I Further Types of Instance Equivalence

To discuss them usefully, I need to propose names for two more types of
document equivalence.  Document instances are

  - isomorphic, if they can be made ESIS-equivalent by consistently
    renaming generic identifiers and attributes (and possibly by global
    changes on tokens in attribute values ...) in one document, while
    retaining all the distinctions made in that document -- i.e. two
    elements have the same GI / two attributes have the same name /
    two attribute values are the same after the renaming if and only
    if they were the same beforehand.  I think this is the same as
    saying two documents are isomorphic if there is a one-to-one mapping
    between their sets of GIs and attribute names, and we can use
    that mapping to make the documents ESIS-equivalent.
  - unifiable (or structurally equivalent), if they can be made
    ESIS-equivalent by a consistent renaming in one or both documents
    that does not necessarily preserve all original distinctions.
    This boils down to saying the documents have the same number of
    elements, corresponding elements have the same number of children,
    and there is a mapping between their name spaces that has one:one,
    one:many, many:one, but no many:many relations.

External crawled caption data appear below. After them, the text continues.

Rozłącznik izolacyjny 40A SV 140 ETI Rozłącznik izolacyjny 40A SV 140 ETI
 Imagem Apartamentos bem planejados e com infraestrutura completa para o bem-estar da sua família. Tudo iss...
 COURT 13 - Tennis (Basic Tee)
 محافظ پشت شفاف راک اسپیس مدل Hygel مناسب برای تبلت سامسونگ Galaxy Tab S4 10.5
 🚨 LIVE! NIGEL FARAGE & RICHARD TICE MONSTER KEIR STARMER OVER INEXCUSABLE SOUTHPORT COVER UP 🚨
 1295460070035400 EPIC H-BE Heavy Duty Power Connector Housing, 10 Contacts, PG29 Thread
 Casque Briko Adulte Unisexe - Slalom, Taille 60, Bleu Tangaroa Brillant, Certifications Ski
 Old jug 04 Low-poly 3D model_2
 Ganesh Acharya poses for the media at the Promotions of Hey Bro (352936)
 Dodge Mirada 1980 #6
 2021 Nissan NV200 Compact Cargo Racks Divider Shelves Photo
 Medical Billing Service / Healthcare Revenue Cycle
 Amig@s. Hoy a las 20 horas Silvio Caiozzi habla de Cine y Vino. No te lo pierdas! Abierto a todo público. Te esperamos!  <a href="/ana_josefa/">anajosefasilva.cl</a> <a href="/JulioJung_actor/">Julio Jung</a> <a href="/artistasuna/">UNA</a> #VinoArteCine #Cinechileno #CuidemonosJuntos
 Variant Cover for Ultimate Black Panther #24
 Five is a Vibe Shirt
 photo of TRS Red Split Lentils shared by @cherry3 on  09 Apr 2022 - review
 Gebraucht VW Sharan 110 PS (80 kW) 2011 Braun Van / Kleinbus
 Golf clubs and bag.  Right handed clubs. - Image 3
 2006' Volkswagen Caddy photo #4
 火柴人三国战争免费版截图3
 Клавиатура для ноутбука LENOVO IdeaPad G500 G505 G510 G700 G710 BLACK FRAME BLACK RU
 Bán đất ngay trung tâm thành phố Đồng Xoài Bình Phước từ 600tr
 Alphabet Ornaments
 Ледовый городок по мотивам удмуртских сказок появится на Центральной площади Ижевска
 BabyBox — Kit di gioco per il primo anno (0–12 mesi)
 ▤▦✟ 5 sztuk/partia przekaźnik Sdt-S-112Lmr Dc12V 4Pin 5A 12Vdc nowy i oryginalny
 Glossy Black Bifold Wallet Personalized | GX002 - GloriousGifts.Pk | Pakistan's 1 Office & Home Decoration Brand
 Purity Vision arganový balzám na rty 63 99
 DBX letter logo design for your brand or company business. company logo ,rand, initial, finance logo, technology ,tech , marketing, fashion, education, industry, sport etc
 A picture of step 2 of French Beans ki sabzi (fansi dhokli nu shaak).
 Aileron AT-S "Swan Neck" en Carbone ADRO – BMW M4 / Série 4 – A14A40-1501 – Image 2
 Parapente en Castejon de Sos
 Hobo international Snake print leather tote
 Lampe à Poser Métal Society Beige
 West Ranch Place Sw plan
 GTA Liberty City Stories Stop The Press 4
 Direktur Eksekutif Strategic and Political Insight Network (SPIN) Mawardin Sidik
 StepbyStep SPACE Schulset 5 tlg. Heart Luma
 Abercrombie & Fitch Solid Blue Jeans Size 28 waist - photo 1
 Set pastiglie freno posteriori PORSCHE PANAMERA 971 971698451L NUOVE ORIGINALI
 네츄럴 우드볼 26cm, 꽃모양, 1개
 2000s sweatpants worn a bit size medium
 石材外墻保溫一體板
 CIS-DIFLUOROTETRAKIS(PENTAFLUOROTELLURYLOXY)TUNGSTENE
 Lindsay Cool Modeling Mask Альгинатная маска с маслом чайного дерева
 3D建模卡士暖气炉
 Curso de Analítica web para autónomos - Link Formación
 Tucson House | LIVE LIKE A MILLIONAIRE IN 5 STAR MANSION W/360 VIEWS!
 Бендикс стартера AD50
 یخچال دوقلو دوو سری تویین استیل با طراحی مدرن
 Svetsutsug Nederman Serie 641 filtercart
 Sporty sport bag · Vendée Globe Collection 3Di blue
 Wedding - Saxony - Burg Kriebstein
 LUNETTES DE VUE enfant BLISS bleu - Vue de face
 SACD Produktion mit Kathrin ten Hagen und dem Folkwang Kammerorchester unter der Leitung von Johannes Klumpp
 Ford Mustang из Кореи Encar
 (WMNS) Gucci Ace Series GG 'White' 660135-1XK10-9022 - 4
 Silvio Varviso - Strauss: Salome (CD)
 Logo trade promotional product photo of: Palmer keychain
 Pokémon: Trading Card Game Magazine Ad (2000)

If two unifiable documents A and B can be made ESIS-equivalent by
renaming things just in B, then A *subsumes* B; roughly, if A subsumes B
then they are structurally similar and B may have more information
because it may make more distinctions.  A really useful definition of
subsumption of attribute values will probably allow B to have some
attributes that A doesn't have, and may have subtler rules about
attribute values, but I think we can postpone that for a while.

If each document subsumes the other, they are isomorphic.  If they are
isomorphic and no renaming is necessary at all, they are
ESIS-equivalent.

Isomorphic and unifiable document pairs will become important if we wish
to consider changes to the DTD language like
  - elimination of inclusion exceptions (this would have an effect
    on our RE/RS discussions, but killing inclusions to solve RE is
    cracking a walnut with a steam engine)
  - elimination of exclusion exceptions
  - allowing XML DTDs to accept arbitrary regular expressions, not just
    deterministic ones
  - requiring external entities to be synchronous with the element
    structure (i.e. requiring start-tag and end-tag for an element to
    occur in the same entity, or at least requiring both to be either
    in the document entity or in the same external entity)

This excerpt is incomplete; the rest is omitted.